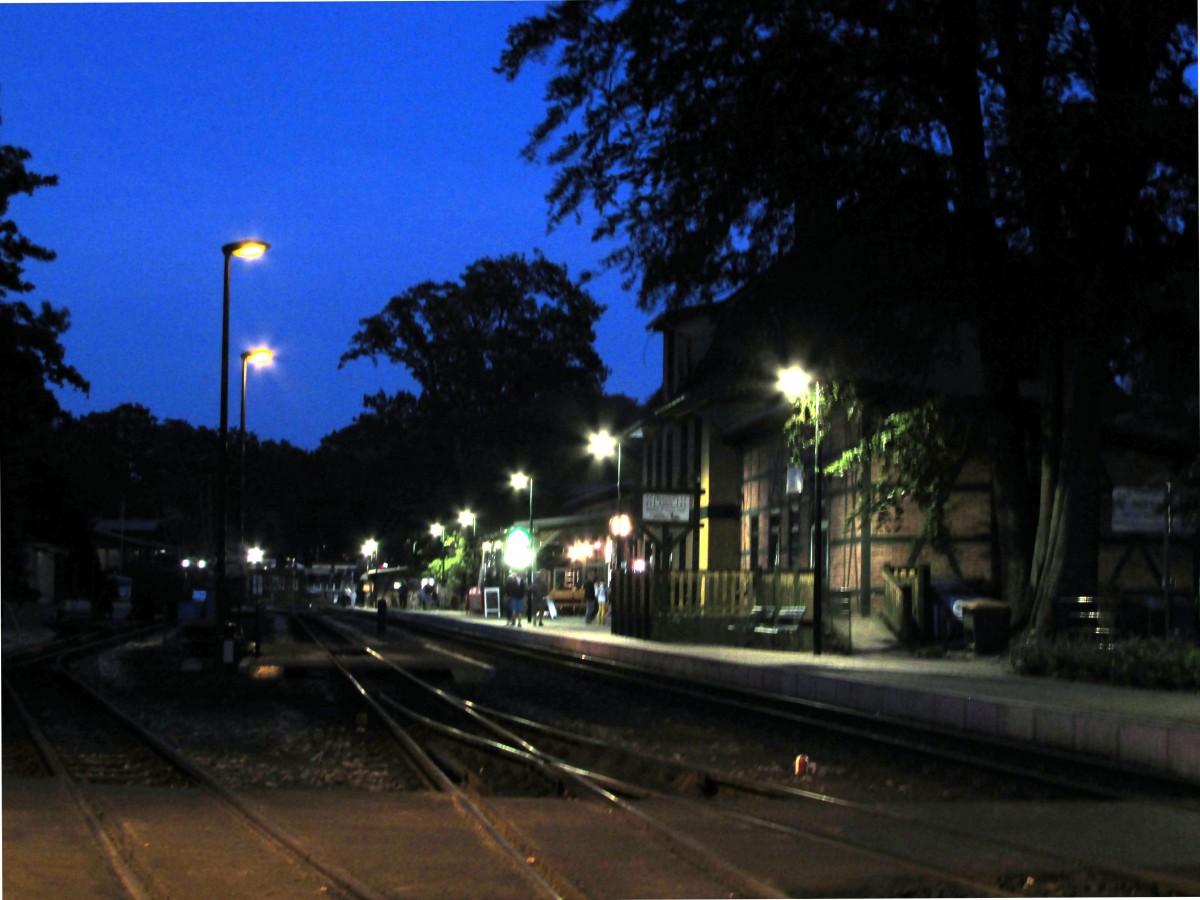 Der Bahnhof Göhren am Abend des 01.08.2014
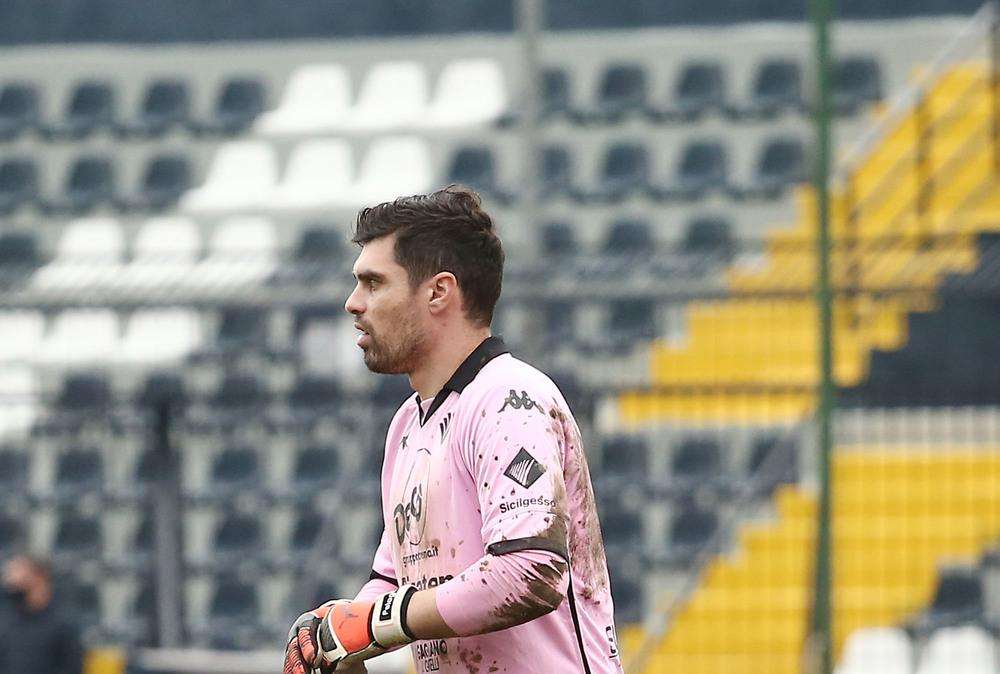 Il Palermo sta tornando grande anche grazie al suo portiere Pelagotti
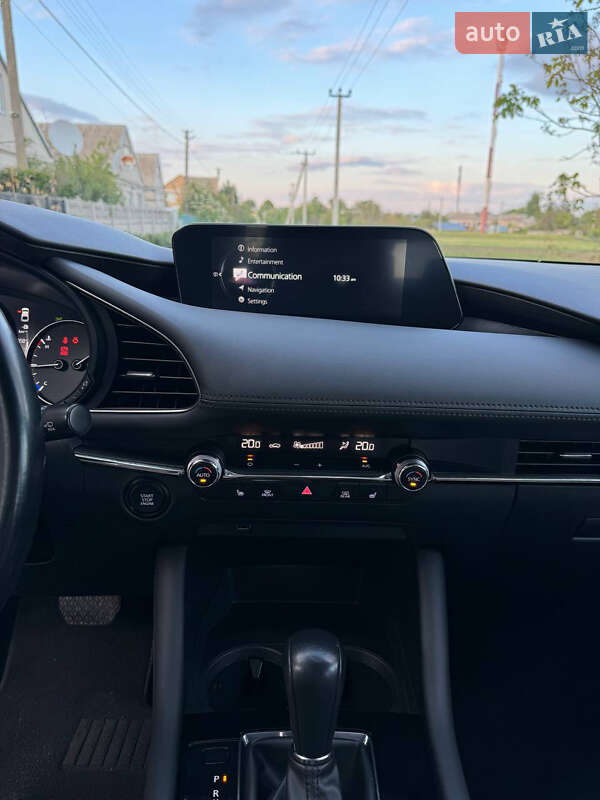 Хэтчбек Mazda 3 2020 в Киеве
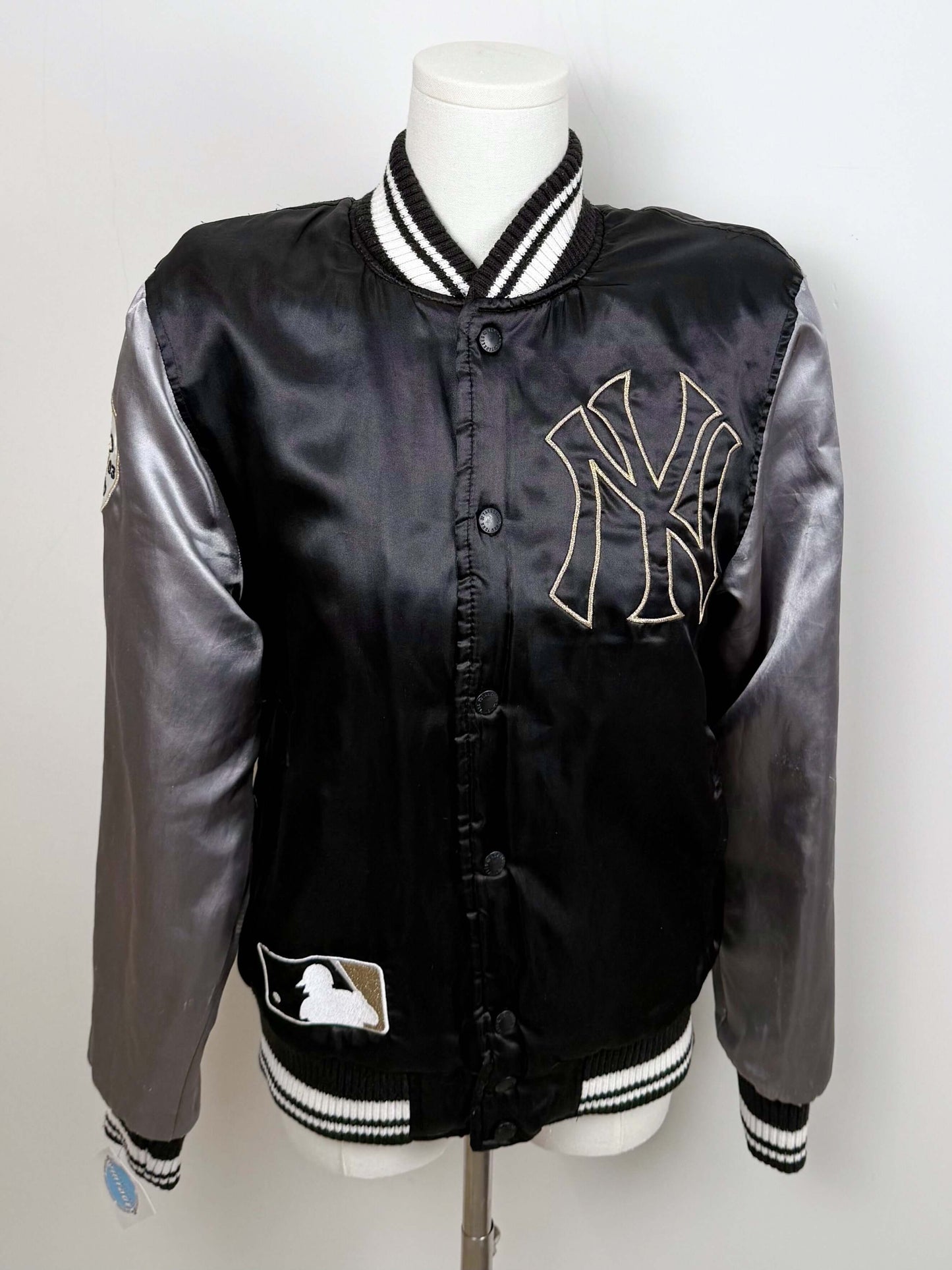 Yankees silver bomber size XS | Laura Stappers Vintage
################
* _About this task_:
Begin with the line that contains "Хэтчбек Mazda 3 2020 в Киеве" and repeat every line through the end of the data, exactly and only those lines, leaving out the pictures.

* _Result of this exercise_:
 Хэтчбек Mazda 3 2020 в Киеве
 Yankees silver bomber size XS | Laura Stappers Vintage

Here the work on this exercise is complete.